Your calculation of the impedance seen by the source is correct.
Clearly, there is a 'special' (angular) frequency
$$\omega_0 = \frac{1}{\sqrt{LC}}$$
where there is a pole in the impedance - the impedance goes to infinity.
Now, let's look at the dual of the circuit given:
simulate this circuit – Schematic created using CircuitLab
For the dual circuit, the impedance seen by the source is
$$Z = R||(j\omega L + \frac{1}{j \omega C}) = R \frac{1 - \omega^2LC}{1 - \omega^2LC + j\omega RC} $$
and now we have a zero at \$\omega_0\$ - the impedance goes to zero.
In both of these cases, the pole or zero is on the \$j \omega\$ axis. Generally, they are not.
so how do you find the resonance in general?
In this context (RLC), the resonance frequency is the frequency where the impedance of the inductor and capacitor are equal in magnitude and opposite in sign.
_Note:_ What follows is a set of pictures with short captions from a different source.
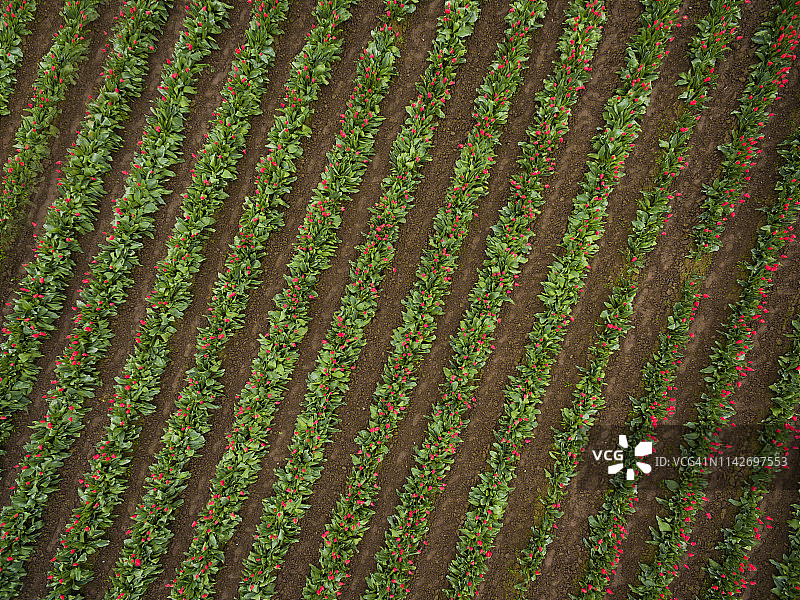 华盛顿州斯卡吉特河谷的彩色郁金香花田鸟瞰图图片素材
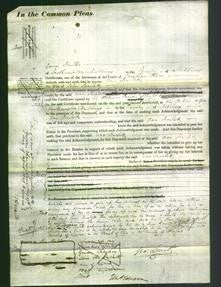 Court of Common Pleas - Ann Scarlett-Original Ancestry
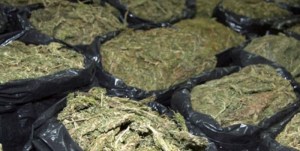 Van casi seis toneladas de marihuana incautadas en el suroeste de Colombia en lo que va de 2024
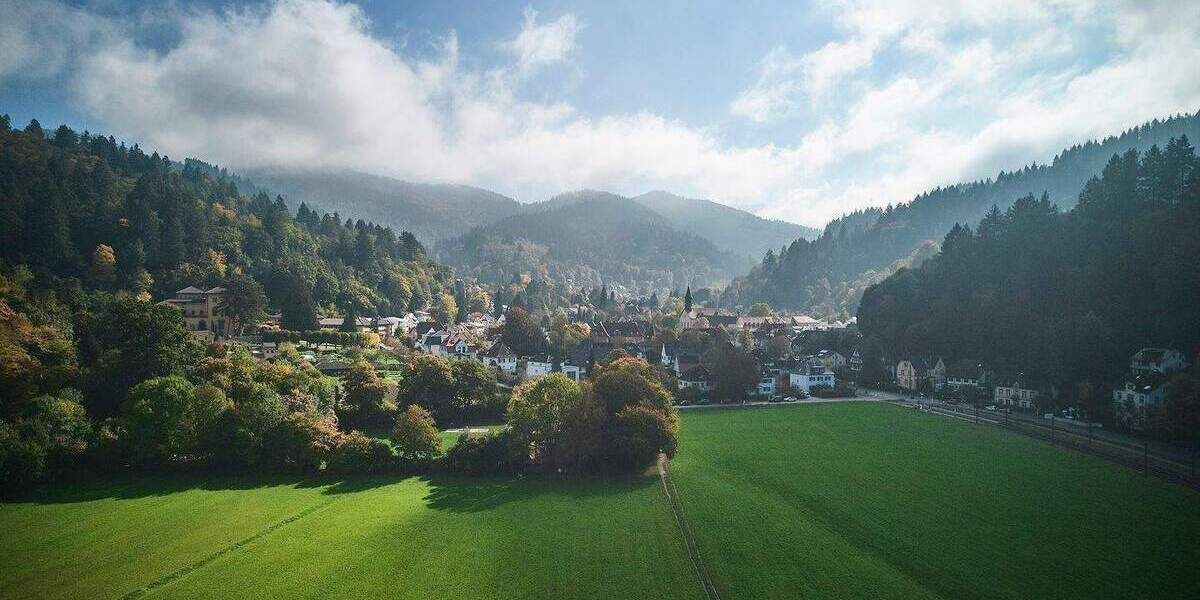 Mehrfamilienhaus, Wohnhaus Freiburg im Breisgau Günterstal - 1 Zimmer, 405 m&sup2;, 1.820.000&euro; | Angebot:26331902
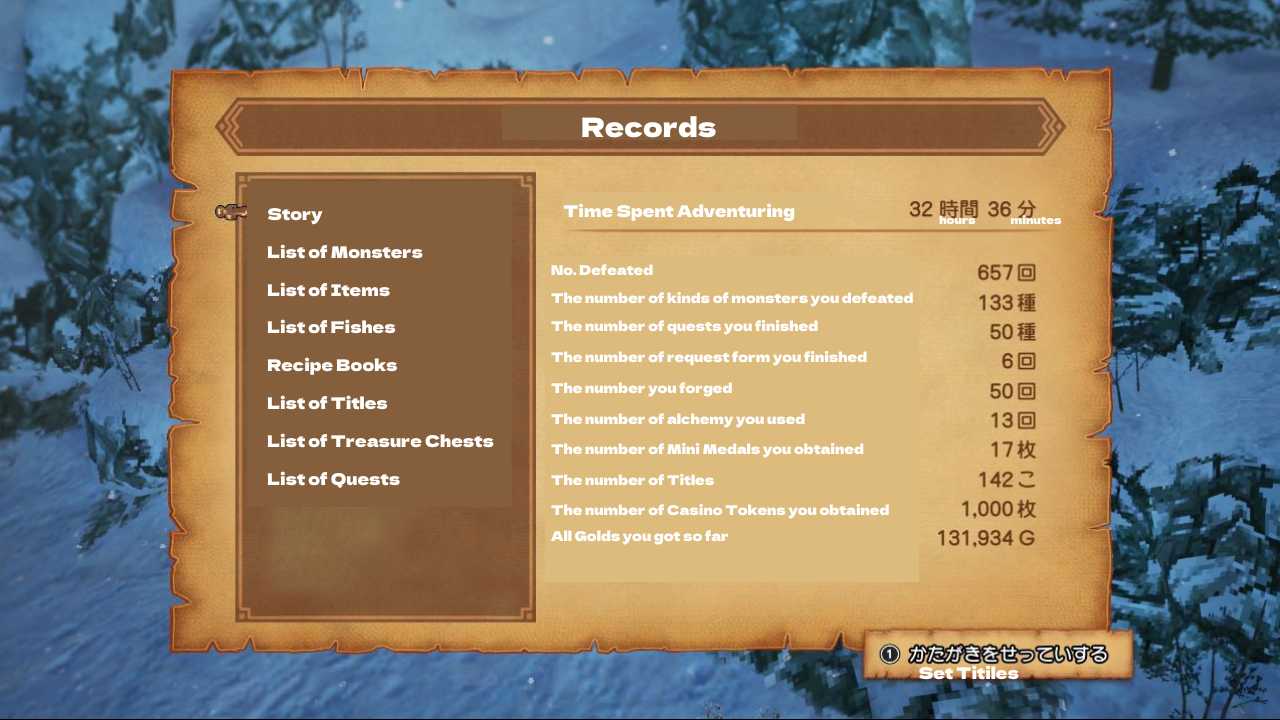 Dragon Quest X - Record Menu
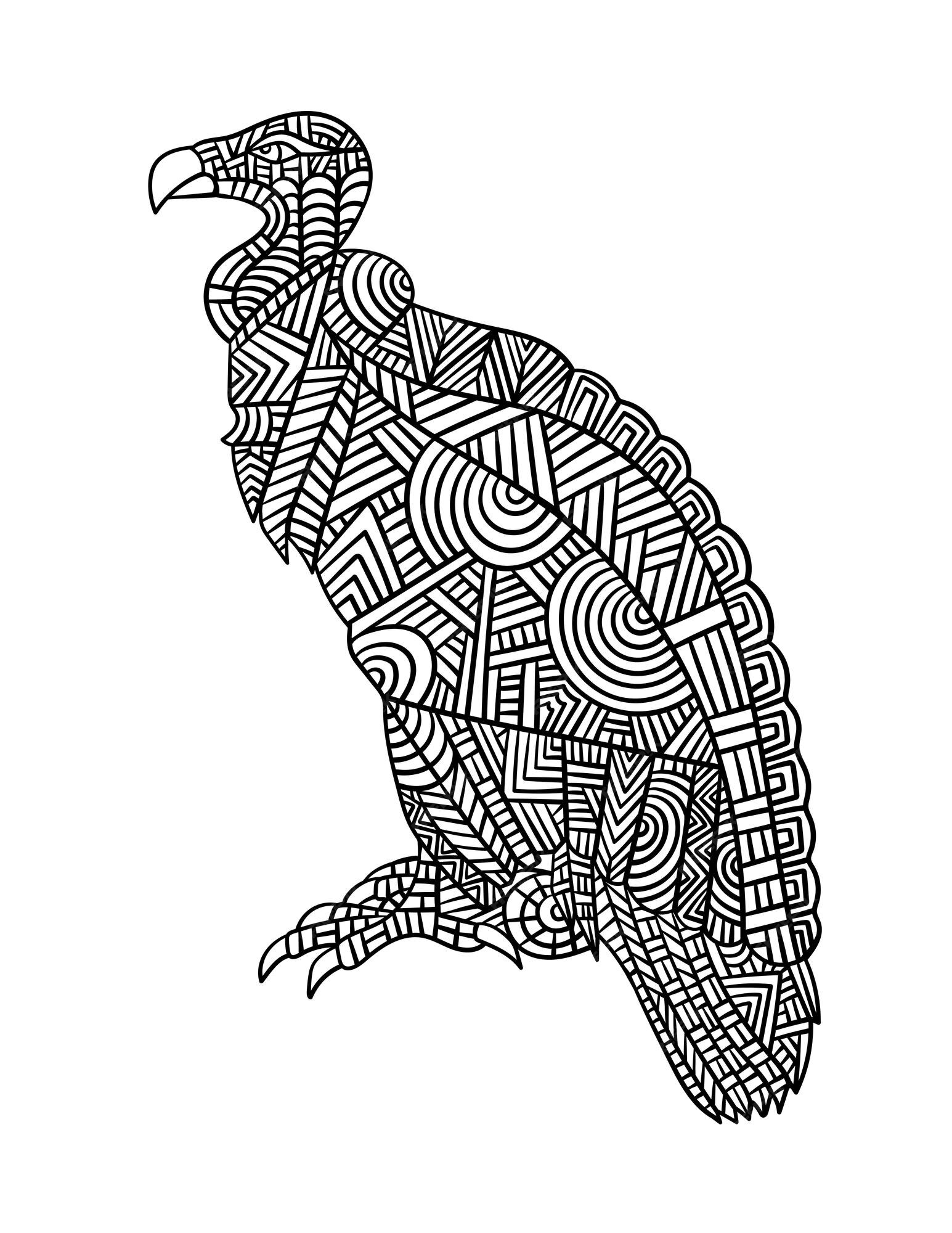 Premium vector hooded vulture mandala coloring pages for adults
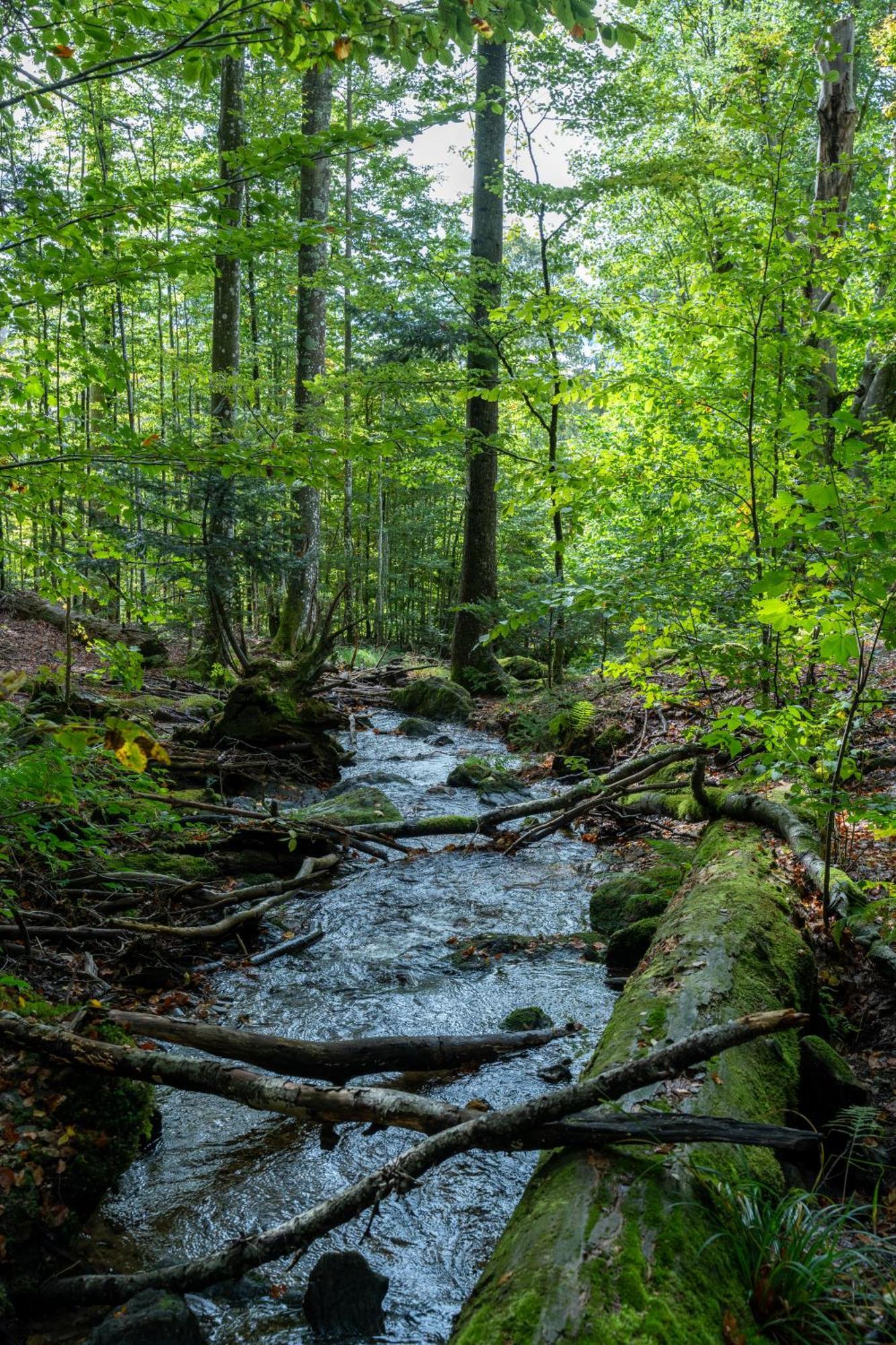 Grosser Arber, Wandern & Sauna, Gemuetliches Apartment Im Nationalpark Bayerischen Wald Линдберг Екстериор снимка
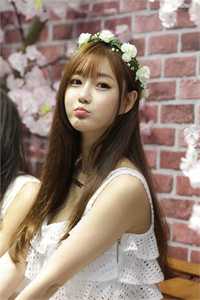 海棠开尽再无君全文+免费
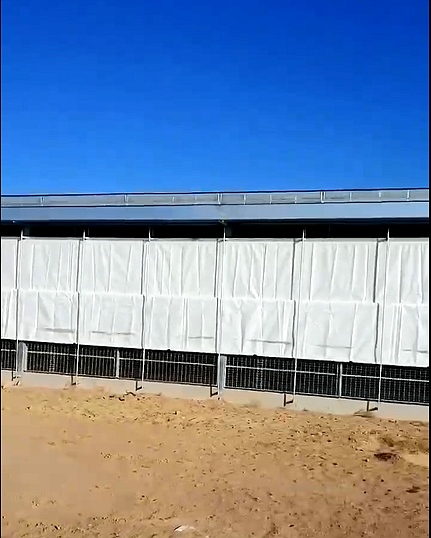 91香蕉国产在线看观看软件卷帘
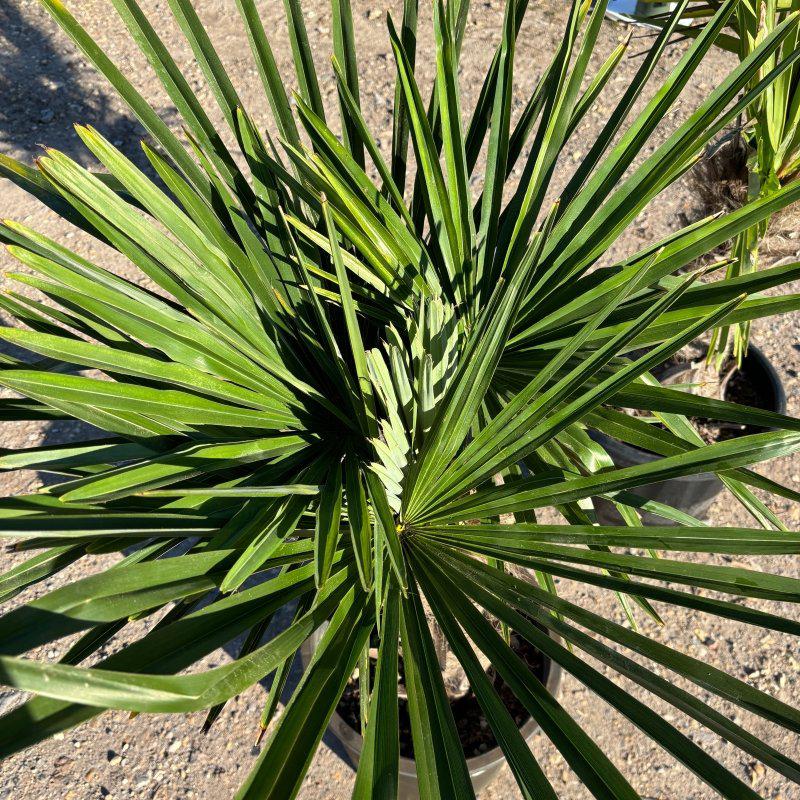 Exotic Palms for UK Gardens: Choosing Trachycarpus fortunei and Chamaerops humilis for a Tropical Look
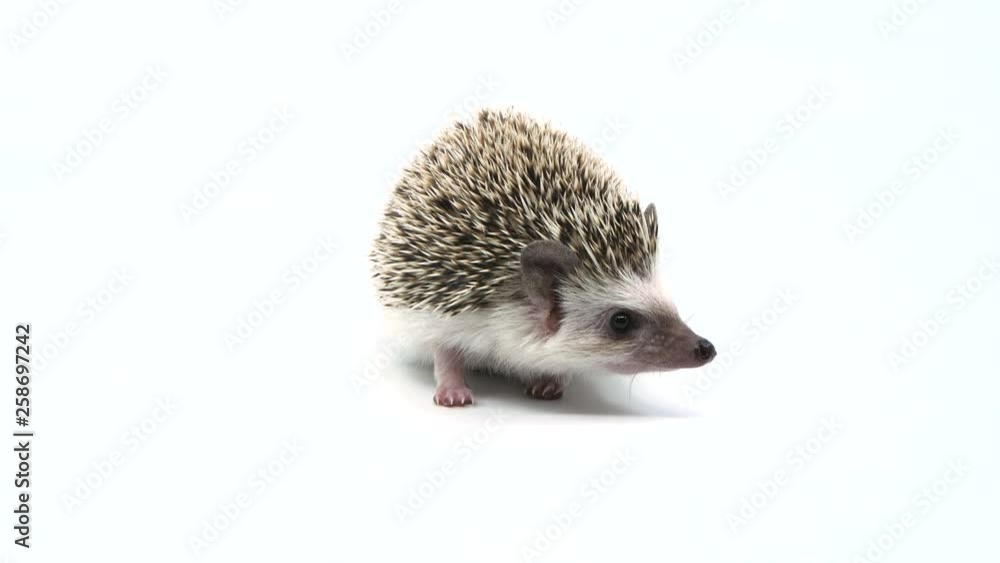 Curious hedgehog looks camera right on a white background Curious hedgehog looks camera right on a white background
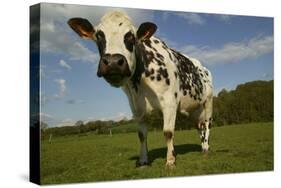 Cattle, Norman Dairy Cow-null-Stretched Canvas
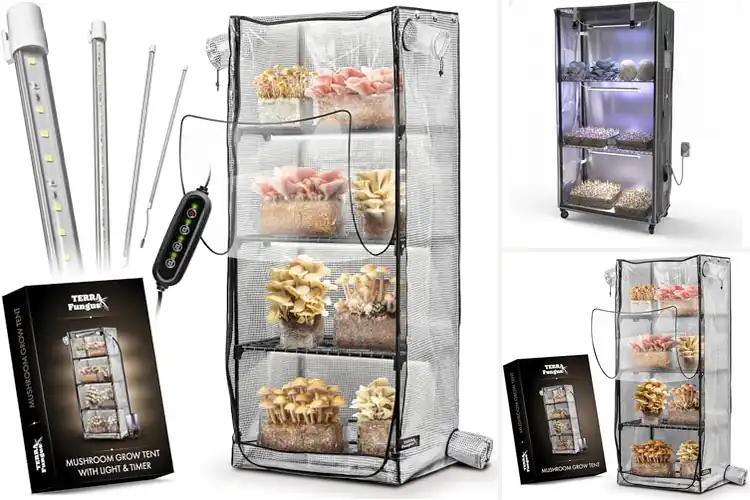 Detailed view of Best Mushroom Grow Tent For Monotubs Eight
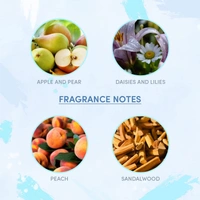 Wottagirl Mystic Island 135ml Body Spray for Women - Long-Lasting Fragrance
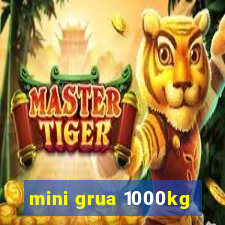 mini grua 1000kg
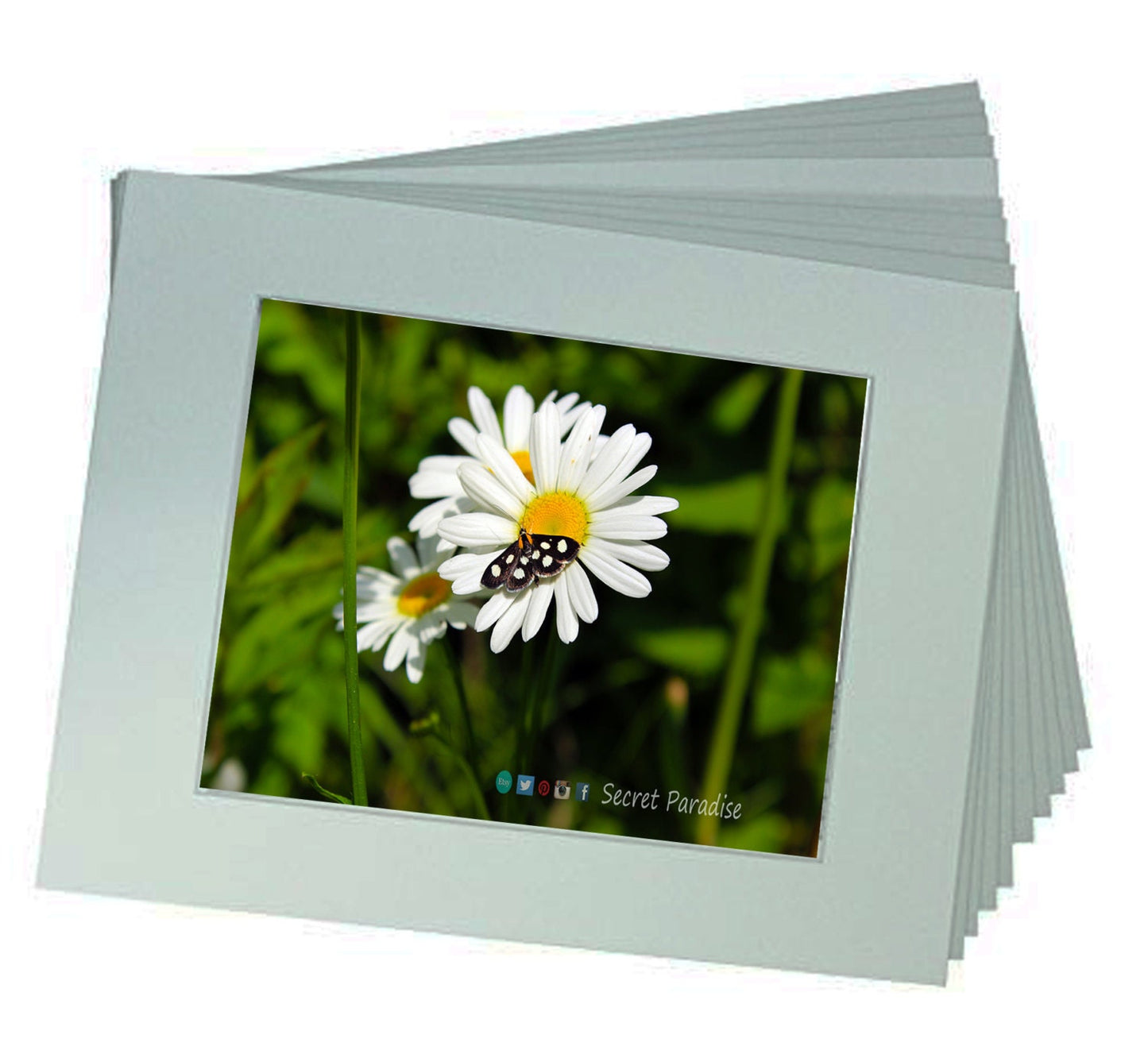 Wall Art Photography - From a Secret Paradise - Cherry Framed Art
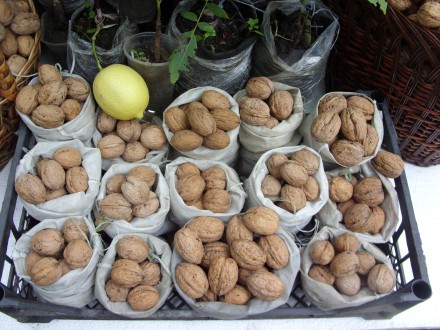 Продам саженцы ореха грецкого: подвой, селекционный сеянец, прививка. Цена указа. . фото 3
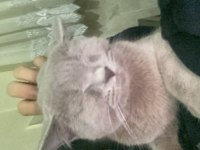 7 aylık british shorthair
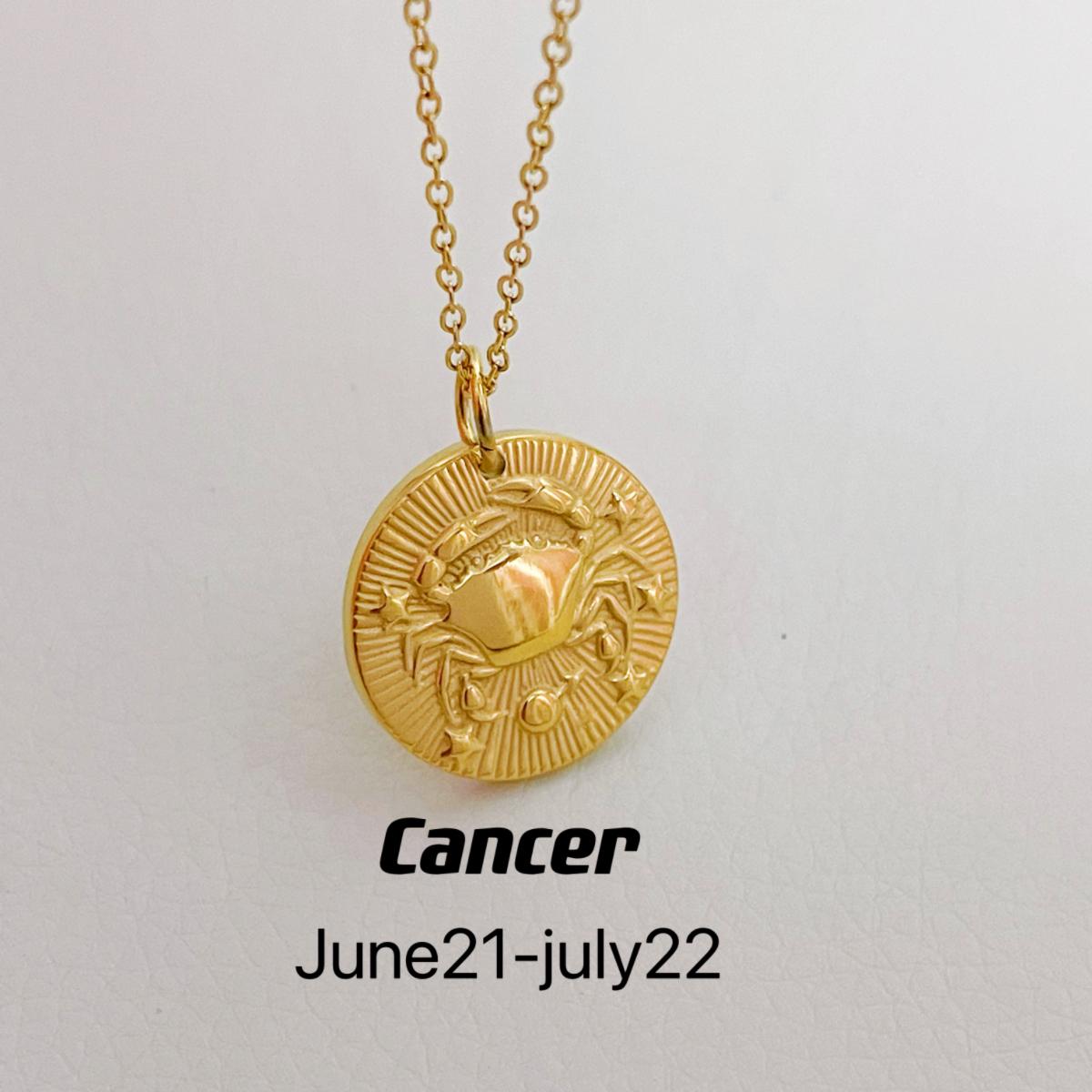CN003:Dainty Zodiac Necklace for Women Zodiac Sign Necklaces Chain Necklaces For Women and Men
Update to address comment and question edit.
From the Wikipedia article "RLC circuit", "Natural frequency" section:
The resonance frequency is defined in terms of the impedance presented
to a driving source. It is still possible for the circuit to carry on
oscillating (for a time) after the driving source has been removed or
it is subjected to a step in voltage (including a step down to zero).
This is similar to the way that a tuning fork will carry on ringing
after it has been struck, and the effect is often called ringing. This
effect is the peak natural resonance frequency of the circuit and in
general is not exactly the same as the driven resonance frequency,
although the two will usually be quite close to each other. Various
terms are used by different authors to distinguish the two, but
resonance frequency unqualified usually means the driven resonance
frequency. The driven frequency may be called the undamped resonance
frequency or undamped natural frequency and the peak frequency may be
called the damped resonance frequency or the damped natural frequency.
The reason for this terminology is that the driven resonance frequency
in a series or parallel resonant circuit has the value1
$$\omega_0 = \frac {1}{\sqrt {LC}}$$
This is exactly the same as the resonance frequency of an LC circuit,
that is, one with no resistor present, that is, it is the same as a
circuit in which there is no damping, hence undamped resonance
frequency. The peak resonance frequency, on the other hand, depends on
the value of the resistor and is described as the damped resonance
frequency. A highly damped circuit will fail to resonate at all when
not driven. A circuit with a value of resistor that causes it to be
just on the edge of ringing is called critically damped. Either side
of critically damped are described as underdamped (ringing happens)
and overdamped (ringing is suppressed).
Circuits with topologies more complex than straightforward series or
parallel (some examples described later in the article) have a driven
resonance frequency that deviates from \$\omega_0 = \frac
{1}{\sqrt {LC}}\$ and for those the undamped resonance frequency, damped
resonance frequency and driven resonance frequency can all be
different.
See the "Other configurations" section for your 2nd circuit.
In summary, the frequencies at which the impedance is real, at which the impedance is stationary (max or min), and at which the reactances of the L & C are equal can be the same or different and each is some type of resonance frequency.
In which condition the current through the inductor approach INFINITY
and how can you explain that physically?
Yes, it is absolutely true - the current in the inductor can become infinite and the current in the capacitor can also become infinite however, because these two currents are anti-phase (one lags the sinewave source by 90deg and one leads the sinewave source by 90deg), the net current taken from an AC voltage source is zero other than what is consumed in the parallel resistor.
You are using a current source and the resultant voltage will be I*R. I'm also presuming you meant R to be a positive resistance value not as shown in your diagram although that won't alter things at all - if you meant R to be negative then the voltage developed across the resistor will be anti-phase to the current through it.
The actual current through the inductor is the voltage across it (as developed by the resistor and current source). Ditto the capacitor.
Best Answer
First find the equivalent impedance of your circuit using, e.g., Thevenin theorem. This impedance will depend on \$\omega\$. The resonant frequency(ies) is(are) the value(s) of \$\omega\$ that makes the reactive part of the impedance zero.